On a même trop tardé à mettre le holà à ce trafic de carburant qui sévit aux frontières du pays depuis de nombreuses années et on semble se tourner vers la solution facile, qui ferait payer le tribut aux automobilistes qui traverseraient les frontières en toute légalité. D'ailleurs, les frontières étant fermées depuis des mois, et on ne sait pas si leur réouverture est possible dans des délais assez courts, pourquoi alors instituer une taxe qui ne provoquerait que la grogne des citoyens et ne rapporterait pas grand-chose durant cette crise sanitaire ?

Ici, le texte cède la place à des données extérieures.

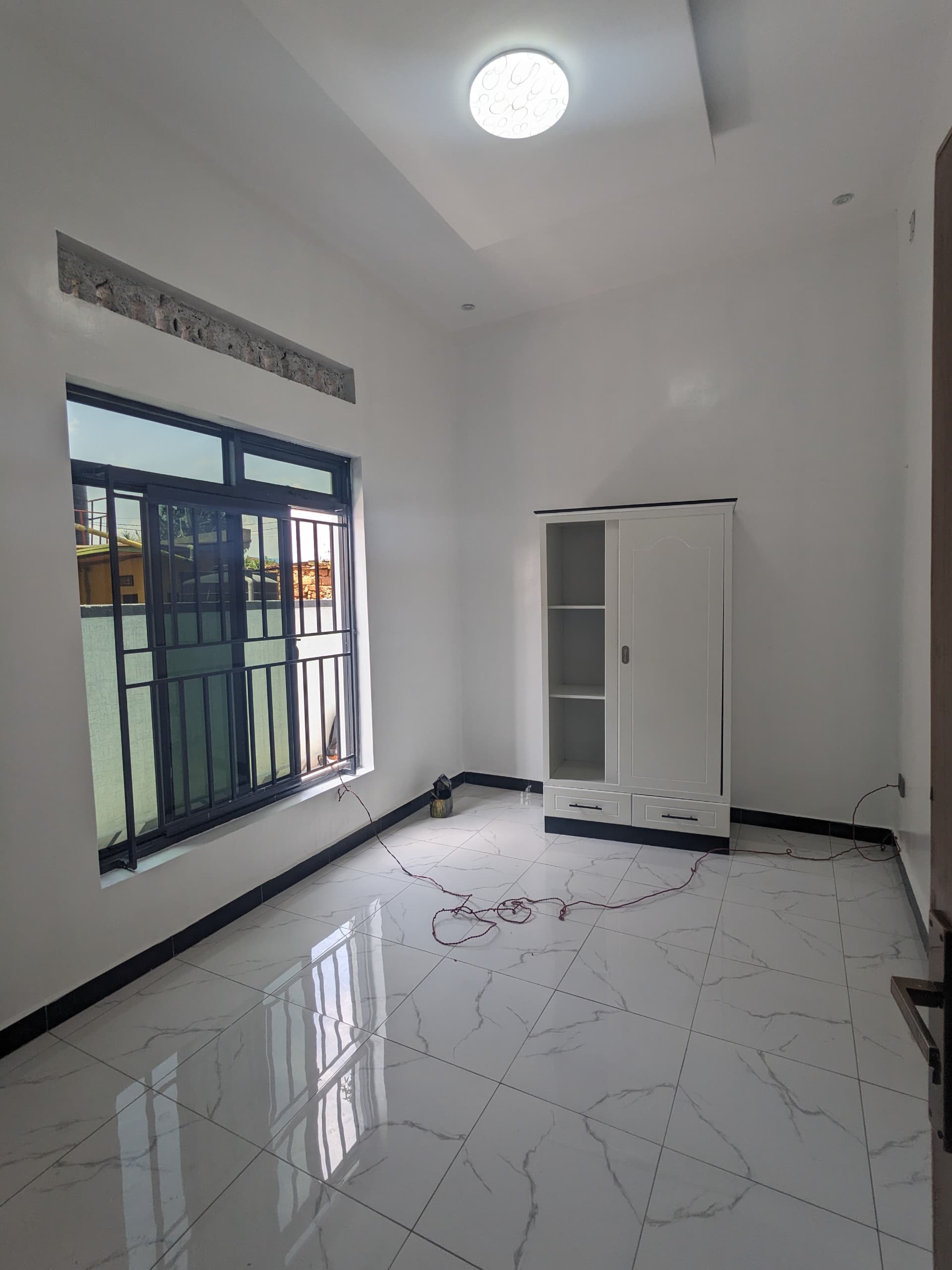 NEW BUILDING FOR SALE TWO HOUSES IN ONE IN KIGALI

Plusieurs membres de la Commission des finances et du budget de l'APN ont exprimé leur désaccord au sujet de cette taxe qui aurait de fâcheuses retombées sur les habitants des zones frontalières et sur la dynamique économique dans ces régions. De toute évidence, la taxe en question pourrait combler, très légèrement, la facture des subventions des prix de carburants importés durant la période 2015-2020 qui s'est élevée à près de 897 milliards DA, dont 145 milliards DA en 2020, mais pour traiter le problème dans le fond, il faudrait aller vers la levée totale de ces subventions qui ne profitent pas toujours ou pas uniquement au citoyen lambda, autant que cette taxe sur la consommation des carburants.